BEGIN

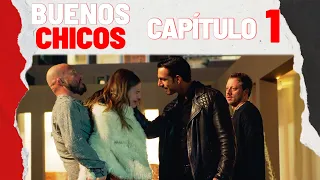 BUENOS CHICOS - CAPÍTULO 1 -  El principio de todo - #BuenosChicos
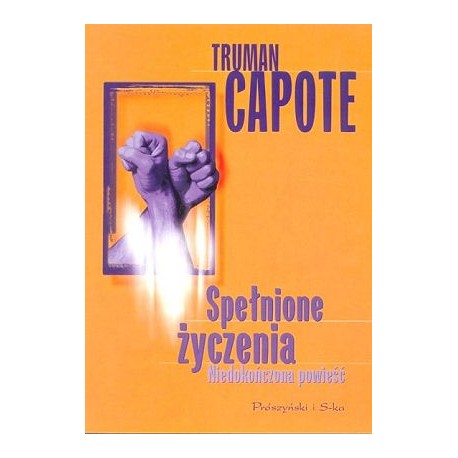 Spełnione życzenia Niedokończona powieść Truman Capote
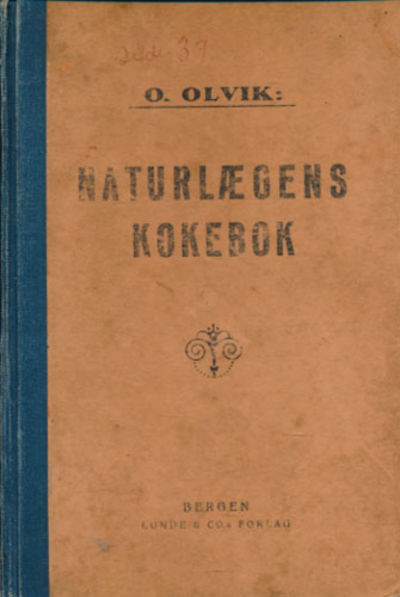 Naturlegens kokebok. Mat som ernæring og medicin.
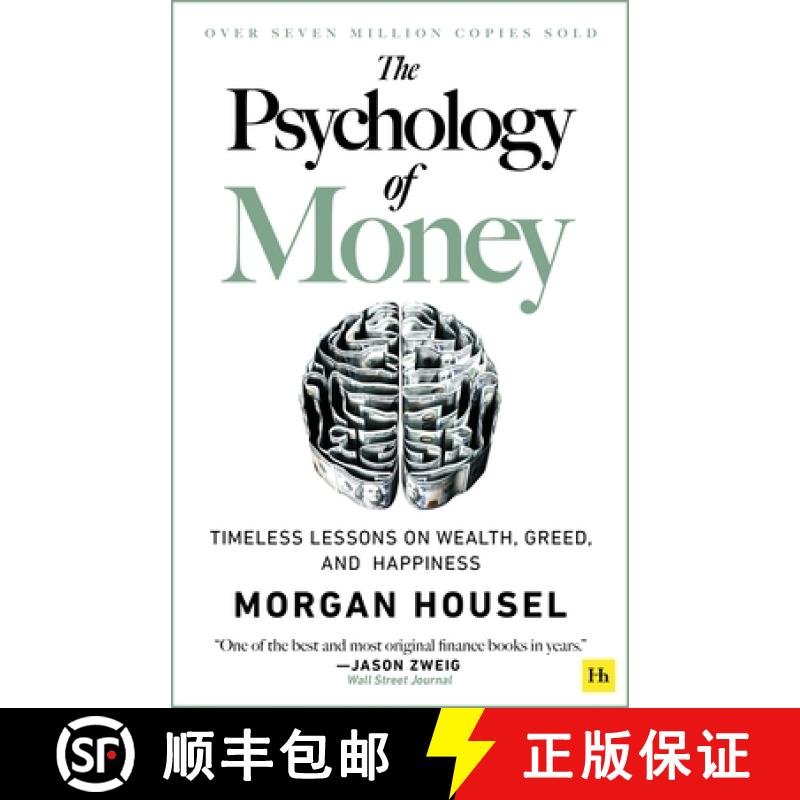 现货 金钱心理学 The Psychology of Money: Timeless Lessons on Wealth, Greed, and Happiness [9780857197689]
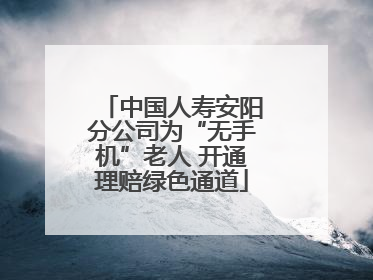 中国人寿安阳分公司为“无手机”老人 开通理赔绿色通道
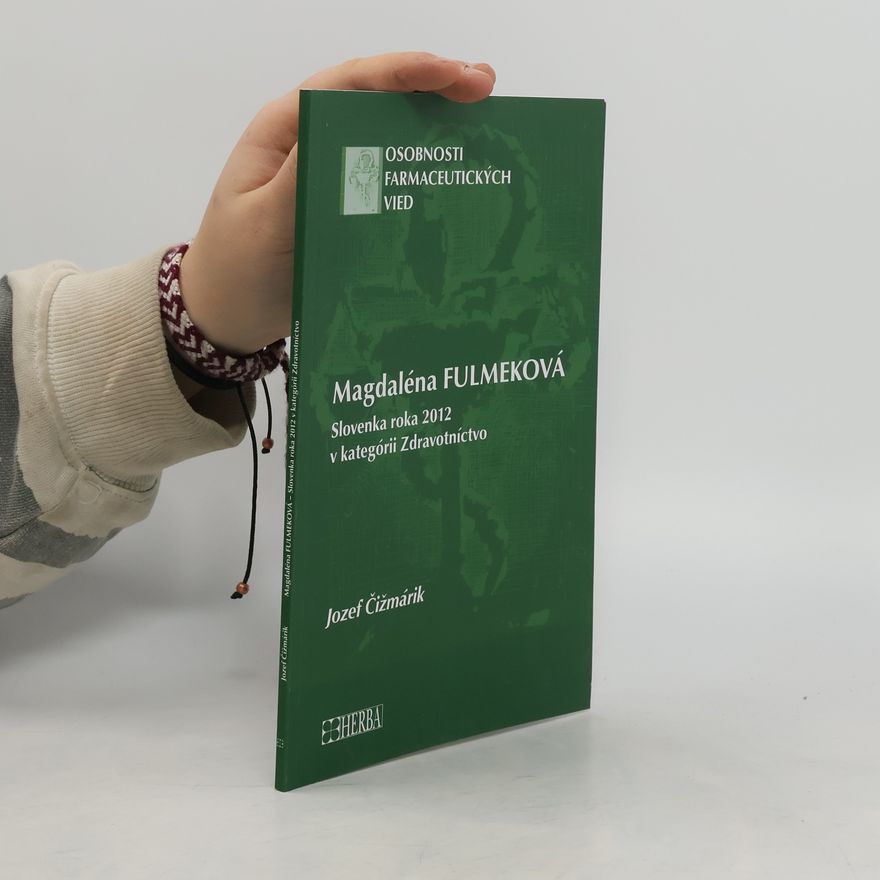 Jozef Čižmárik Magdaléna Fulmeková. Slovenka roka 2012 v kategórii Zdravotníctvo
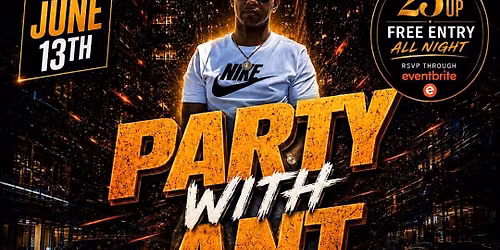 PARTY WITH ANT ( 25&UP ) FREE ENTRY ALL NIGHT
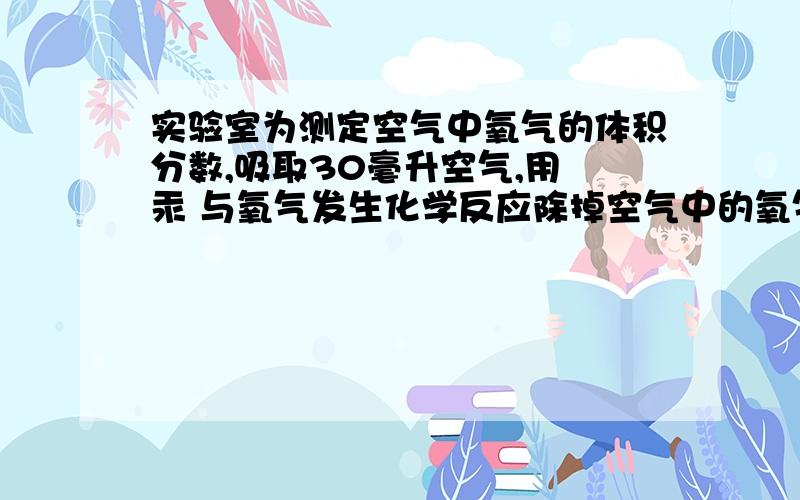 实验室为测定空气中氧气的体积分数,吸取30毫升空气,用 汞 与氧气发生化学反应除掉空气中的氧气 请你计算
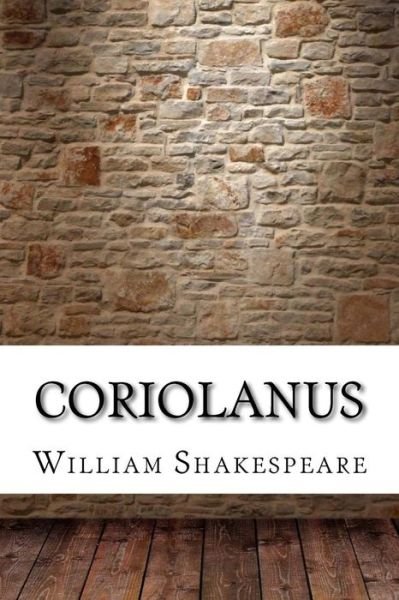 Coriolanus - William Shakespeare - 图书 - Createspace Independent Publishing Platf - 9781975904708 - 2017年9月2日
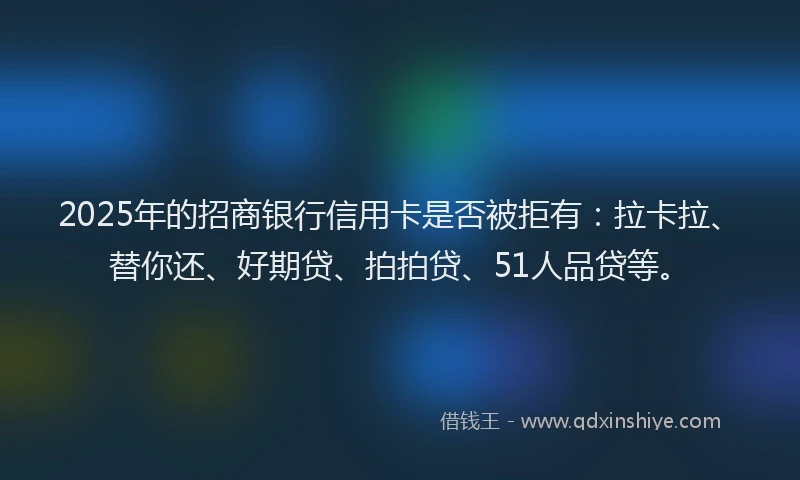 2025年的招商银行信用卡是否被拒有：拉卡拉、替你还、好期贷、拍拍贷、51人品贷等。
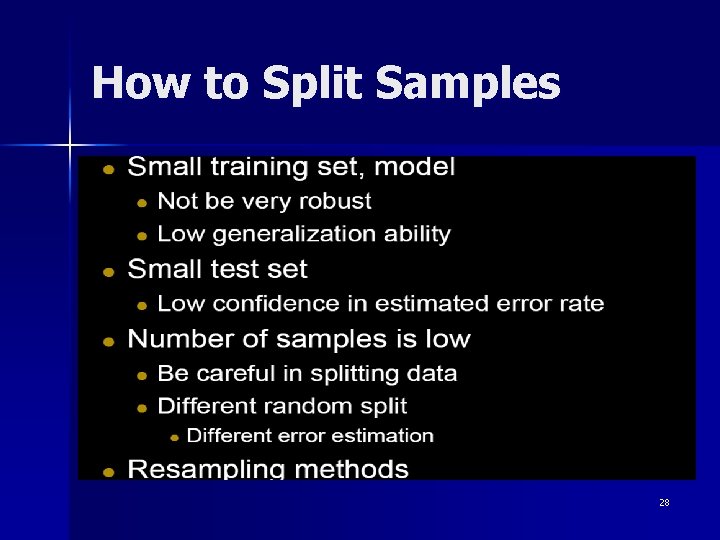 How to Split Samples 28 How to Split Samples 28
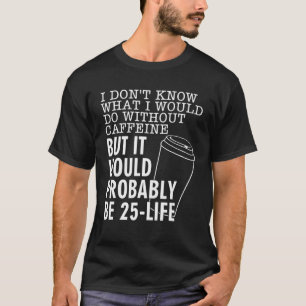T-shirt Je ne sais pas ce que je ferais sans caféine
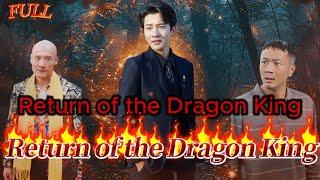 【FULL】"Return of the Dragon King" #God #Counterattack #Urban #Cultivation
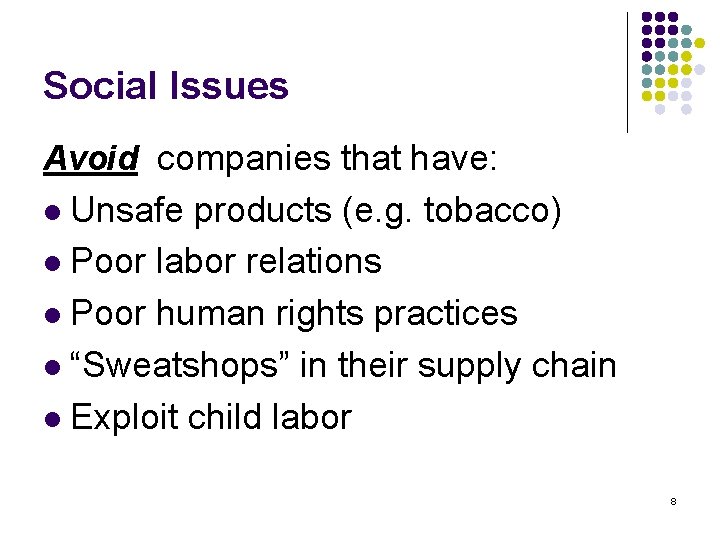 Social Issues Avoid companies that have: Unsafe products (e. g. tobacco) l Poor labor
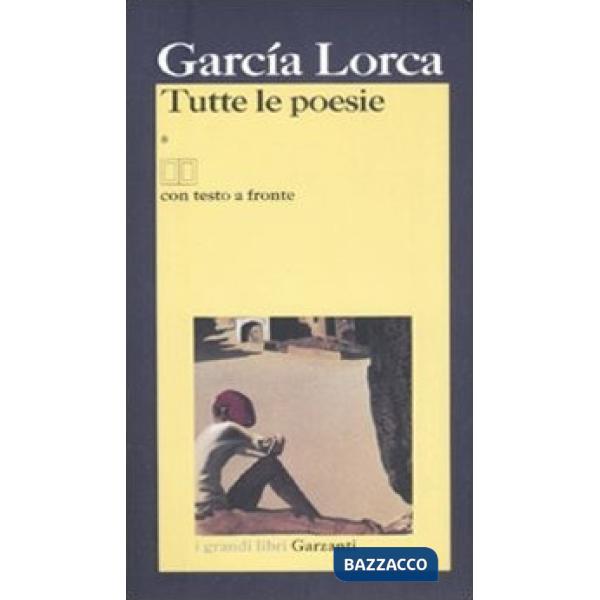 Tutte le poesie. Testo spagnolo a fronte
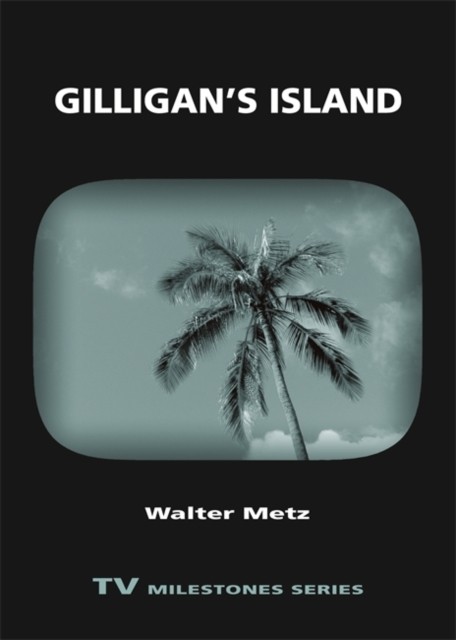 Gilligans Island TV Milestones TV Milestones Series by Walter Metz PAPERBACK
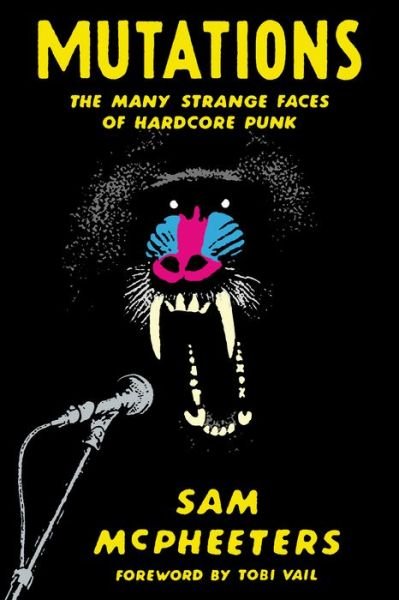 Cover for Sam McPheeters · Mutations: The Many Strange Faces of Hardcore Punk (Paperback Book) (2020)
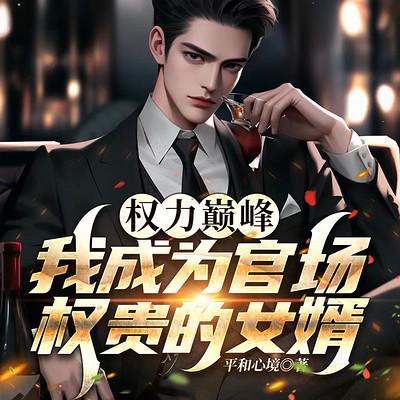 权力巅峰:我成为官场权贵的女婿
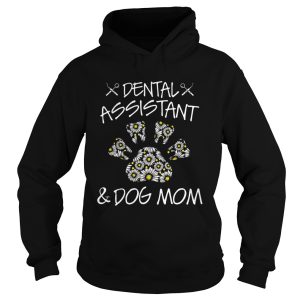 Dental Assistant And Dog Mom shirt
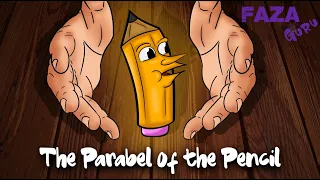 The Pencil Parable | Short Story | Motivational story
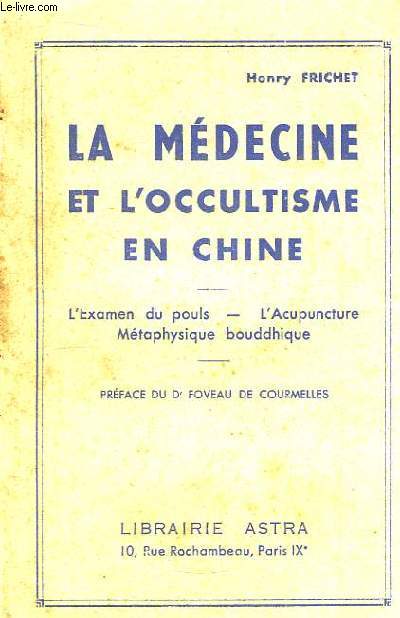 La Mdecine et l'Occultisme en Chine. L'Examen du Pouls - L'Acupuncture - Mtaphysique bouddhique.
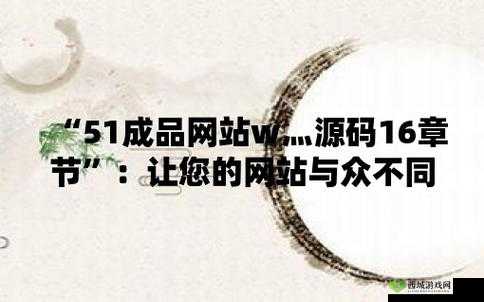 51 成品网站 W 灬源码 16 章节：深度解析与应用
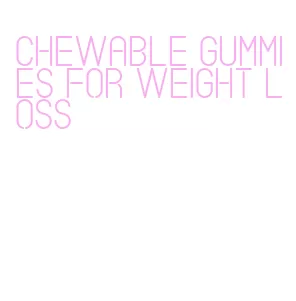 chewable gummies for weight loss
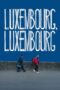 Nonton Film Luxembourg, Luxembourg (2023) Bioskop21 Nonton Film Luxembourg, Luxembourg (2023) Bioskop21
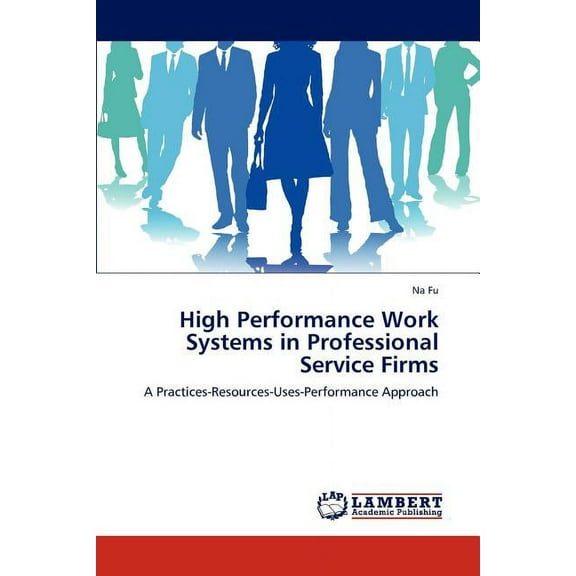 High Performance Work Systems in Professional Service Firms (Paperback)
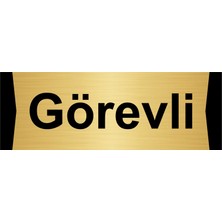 Özarslan Dizayn Görevli 10X20CM Altın Renk Metal Yönlendirme Levhası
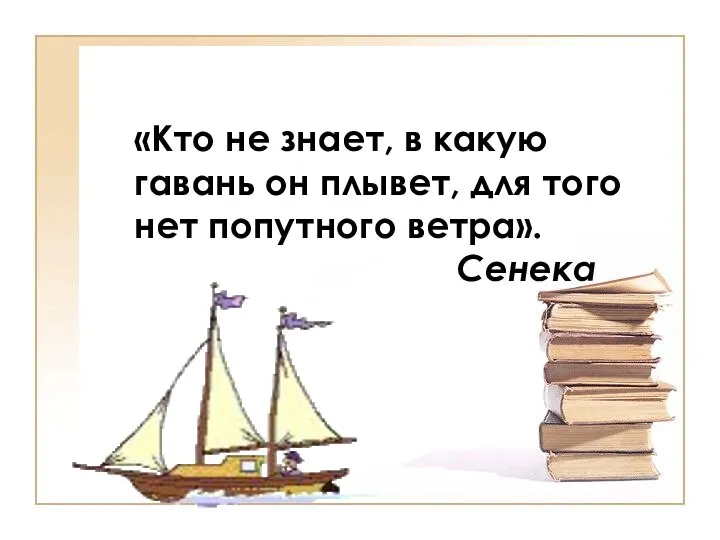 «Кто не знает, в какую гавань он плывет, для того нет попутного ветра». Сенека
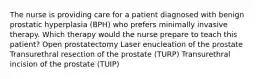 The nurse is providing care for a patient diagnosed with benign prostatic hyperplasia (BPH) who prefers minimally invasive therapy. Which therapy would the nurse prepare to teach this patient? Open prostatectomy Laser enucleation of the prostate Transurethral resection of the prostate (TURP) Transurethral incision of the prostate (TUIP)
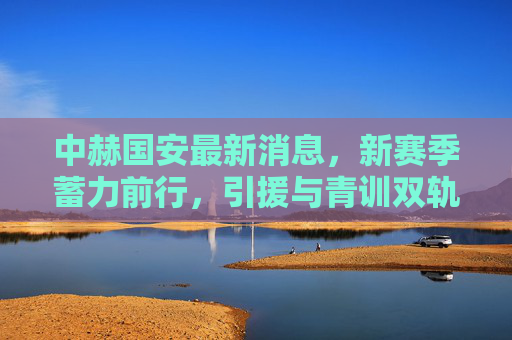 中赫国安最新消息,新赛季蓄力前行,引援与青训双轨并驱,中赫国安新赛季引援青训双轨并驱蓄力前行 中赫国安最新消息,新赛季蓄力前行,引援与青训双轨并驱,中赫国安新赛季引援青训双轨并驱蓄力前行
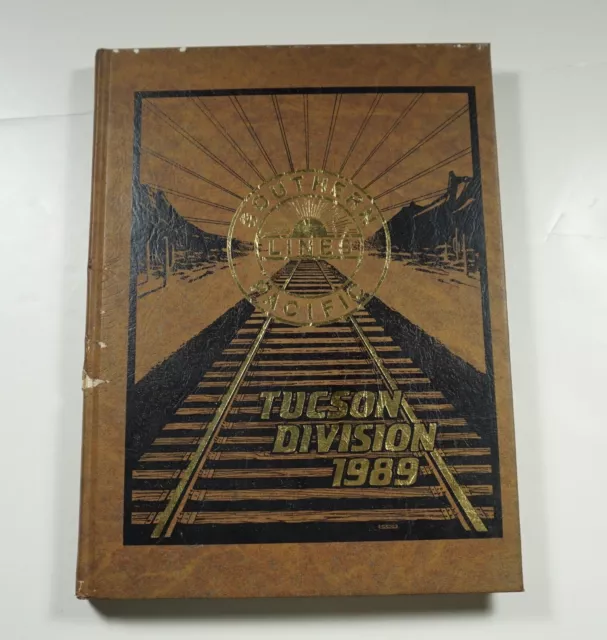 Southern Pacific Lines Tucson Division 1989 Railroad Trains Arizona Staff Photos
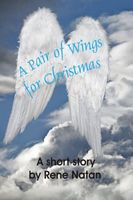 Cover of A Pair of Wings for Christmas by Rene Natan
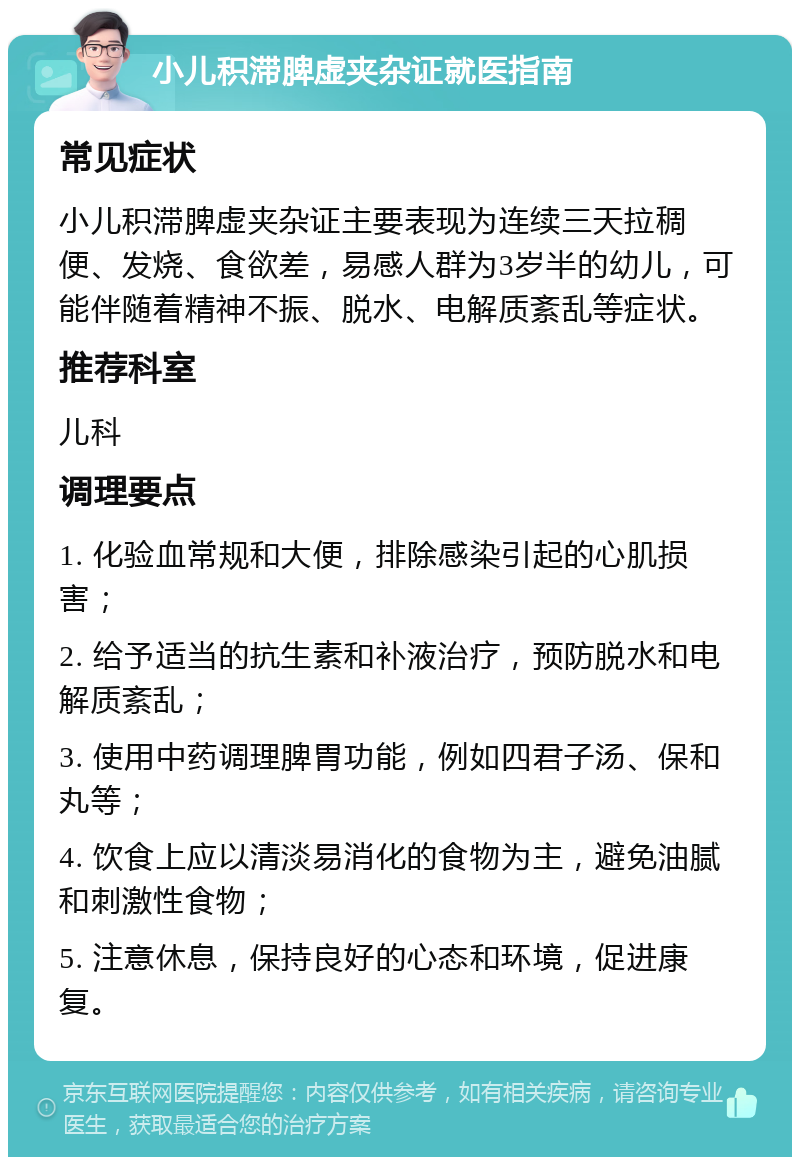 小儿积滞脾虚夹杂证就医指南 常见症状 小儿积滞脾虚夹杂证主要表现为连续三天拉稠便、发烧、食欲差，易感人群为3岁半的幼儿，可能伴随着精神不振、脱水、电解质紊乱等症状。 推荐科室 儿科 调理要点 1. 化验血常规和大便，排除感染引起的心肌损害； 2. 给予适当的抗生素和补液治疗，预防脱水和电解质紊乱； 3. 使用中药调理脾胃功能，例如四君子汤、保和丸等； 4. 饮食上应以清淡易消化的食物为主，避免油腻和刺激性食物； 5. 注意休息，保持良好的心态和环境，促进康复。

END

▸ INSTRUCTIONS FOR THE TASK
All that should be printed is the lines from the one containing "Southern Pacific Lines" through the last line of the material above, both ends included, exactly as they stand; please skip the pictures.

▸ ANSWER AREA
 Southern Pacific Lines Tucson Division 1989 Railroad Trains Arizona Staff Photos
 Cover of A Pair of Wings for Christmas by Rene Natan
 小儿积滞脾虚夹杂证就医指南 常见症状 小儿积滞脾虚夹杂证主要表现为连续三天拉稠便、发烧、食欲差，易感人群为3岁半的幼儿，可能伴随着精神不振、脱水、电解质紊乱等症状。 推荐科室 儿科 调理要点 1. 化验血常规和大便，排除感染引起的心肌损害； 2. 给予适当的抗生素和补液治疗，预防脱水和电解质紊乱； 3. 使用中药调理脾胃功能，例如四君子汤、保和丸等； 4. 饮食上应以清淡易消化的食物为主，避免油腻和刺激性食物； 5. 注意休息，保持良好的心态和环境，促进康复。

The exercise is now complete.